_Task statement_:
Leave out the pictures and retype exactly the lines from the line with "2024 MY25 Ford Mustang FO GT Hatch Image 5" through the end of the listing below.

============================================================

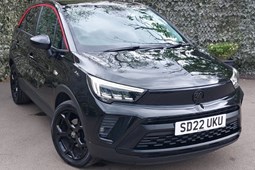 Vauxhall Crossland SUV (21 on) 1.2 Turbo [130] GS Line 5dr Auto For Sale - Arnold Clark Click & Collect Swansea, Swansea
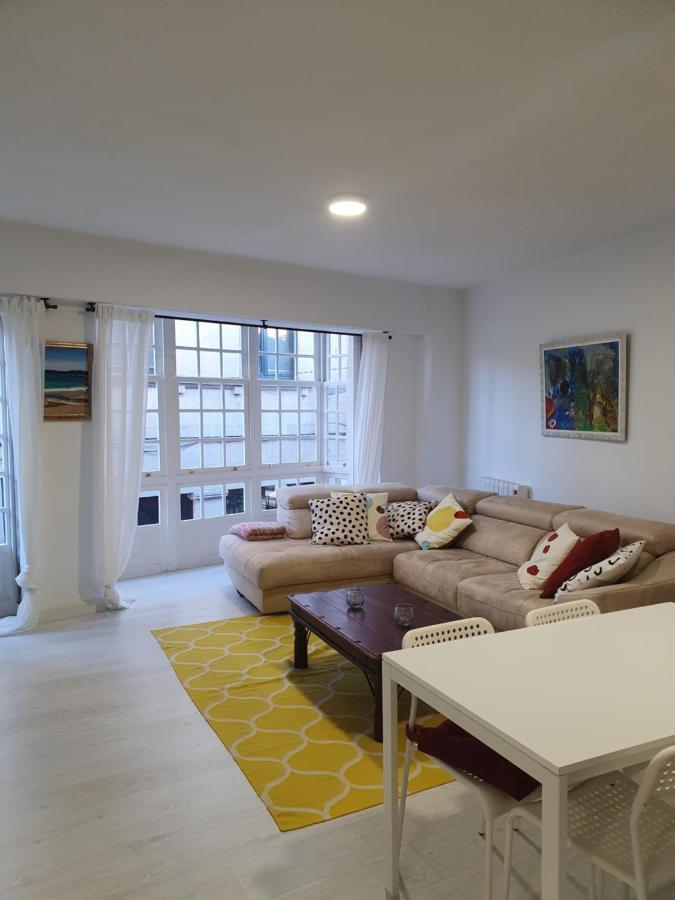 El Piso De Valle-Inclan Pontevedra Ngoại thất bức ảnh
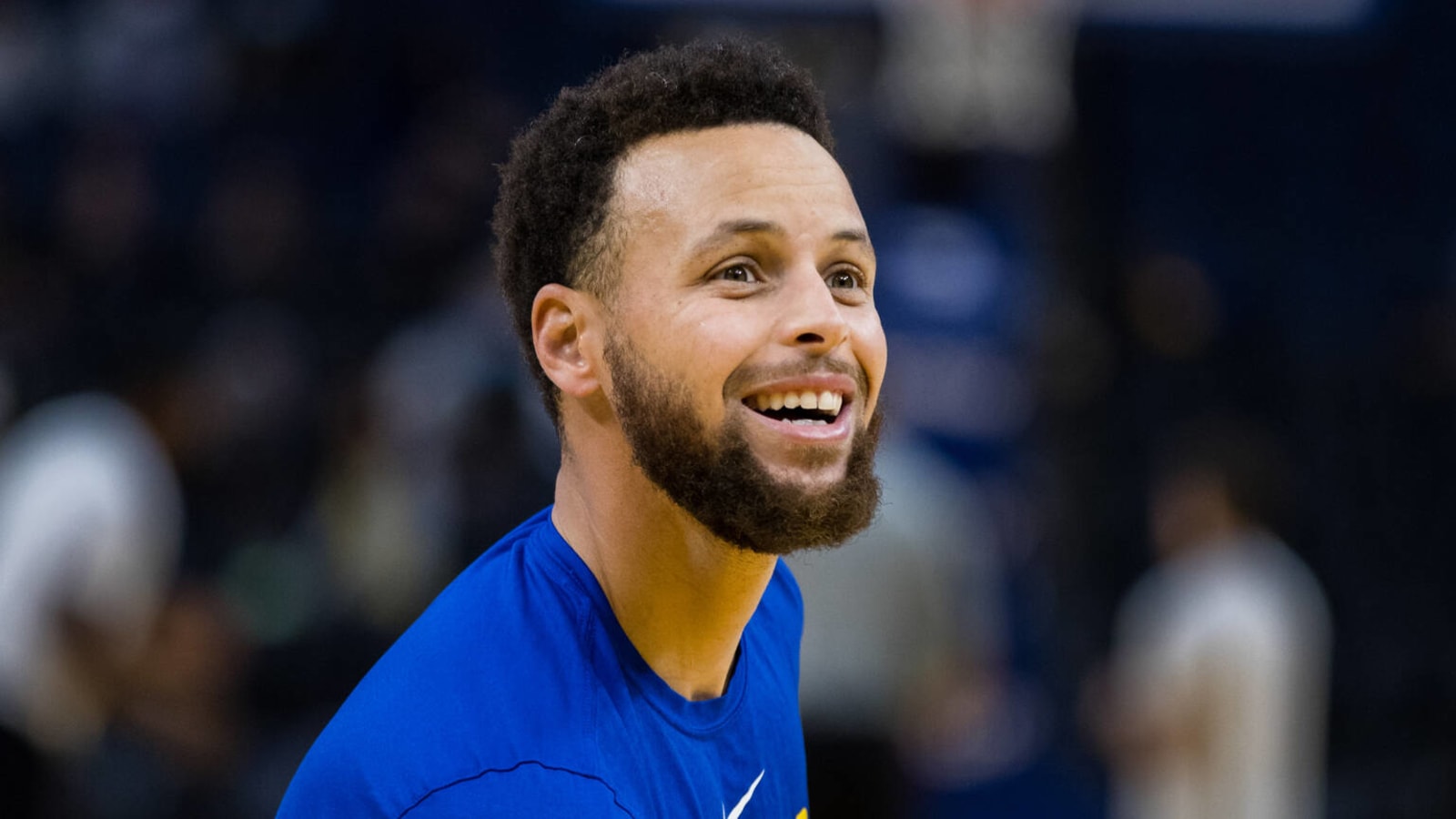 Steph Curry named SI's Sportsperson of the Year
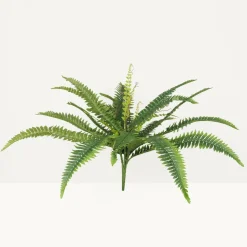 LIGNE DECO - Fougère artificielle en bouquet 55cm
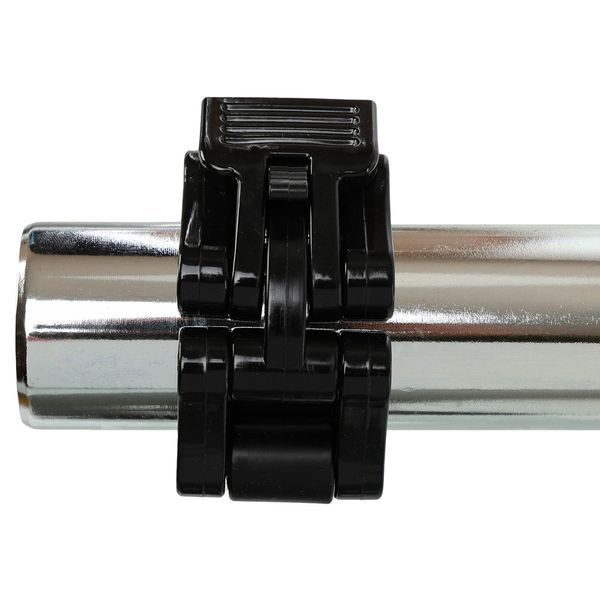 Замки быстросъемные для грифа Lock-Jaw PRO LiveUp LP8061 2шт диаметр-50мм черный LP8061 фото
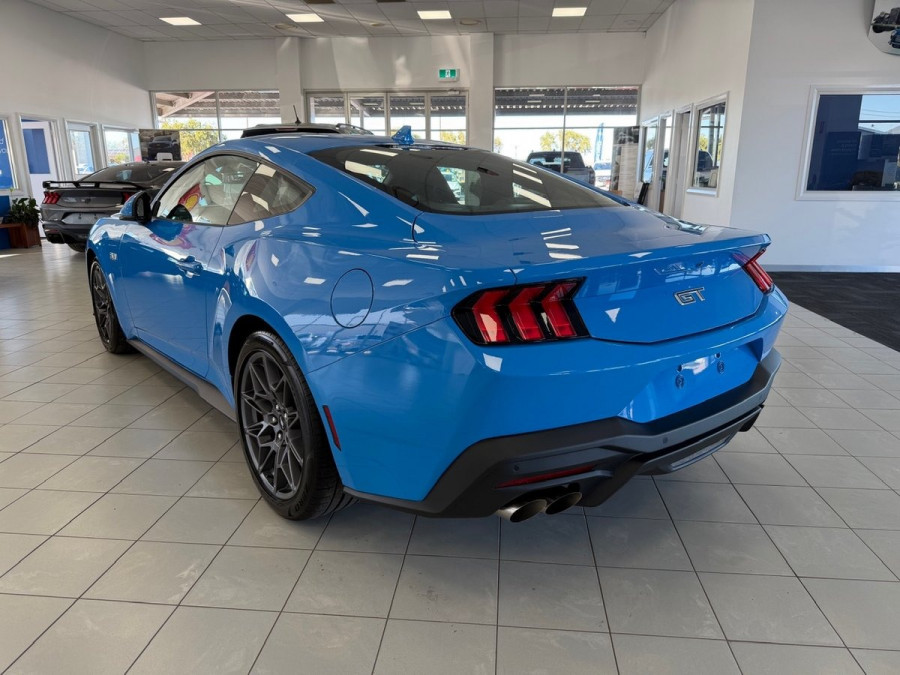 2024 MY25 Ford Mustang FO GT Hatch Image 5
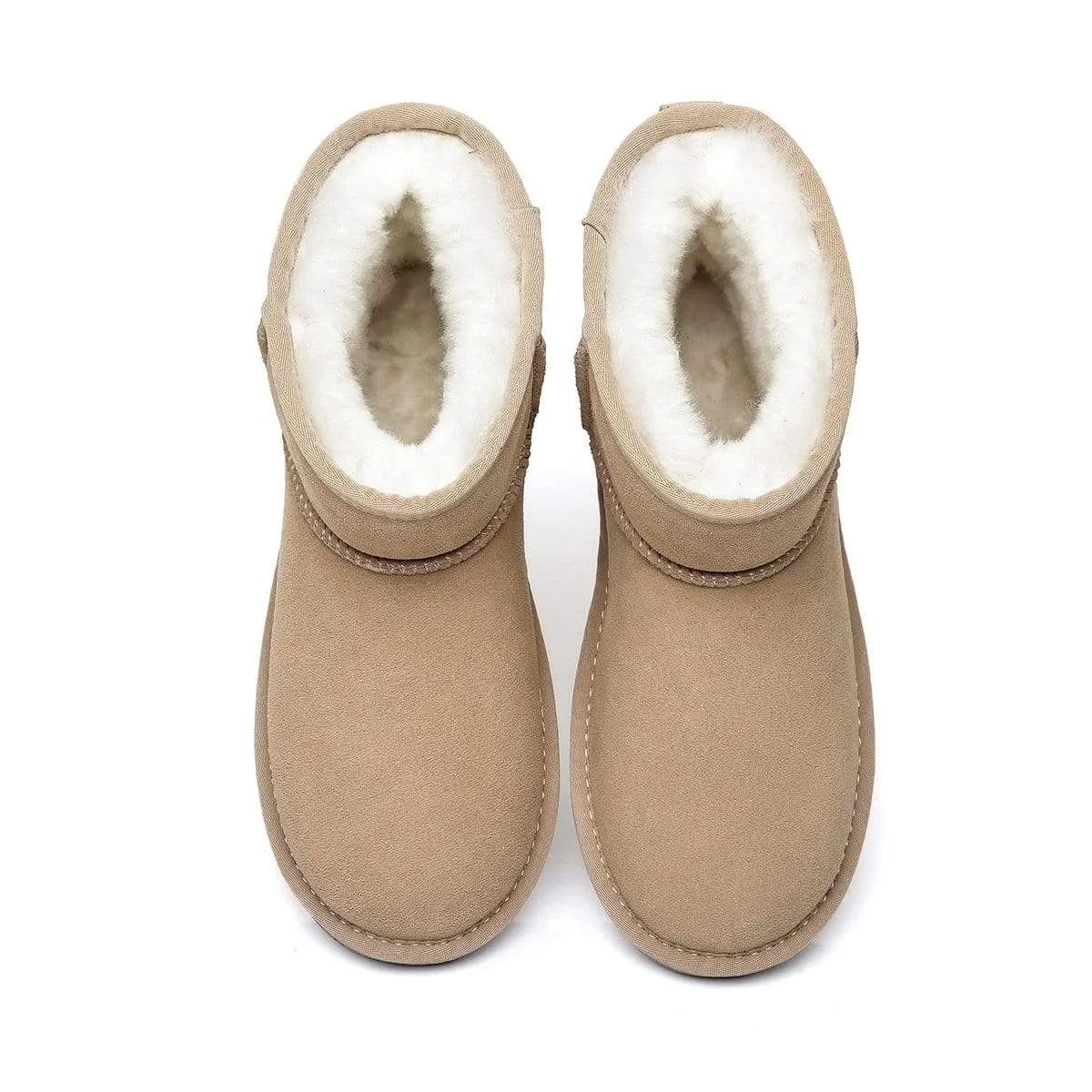 UGG Premium Suede Mini Boot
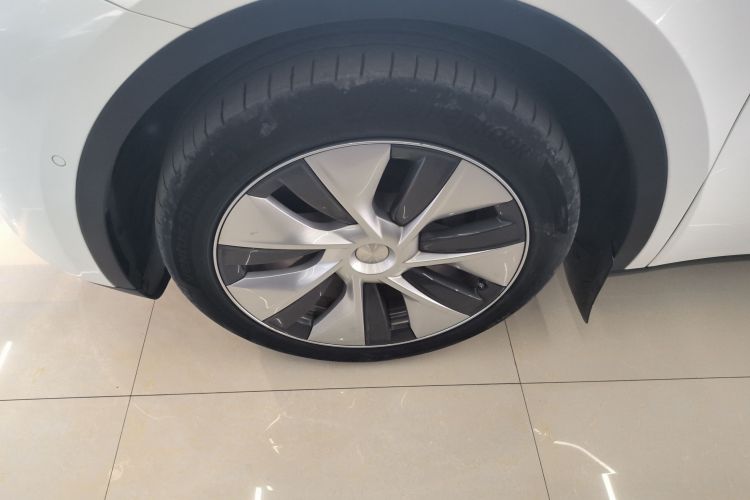 特斯拉 Model Y 2022款 改款 长续航全轮驱动版车身外观6007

============================================================

_Result of this task_:
 2024 MY25 Ford Mustang FO GT Hatch Image 5
 UGG Premium Suede Mini Boot
 特斯拉 Model Y 2022款 改款 长续航全轮驱动版车身外观6007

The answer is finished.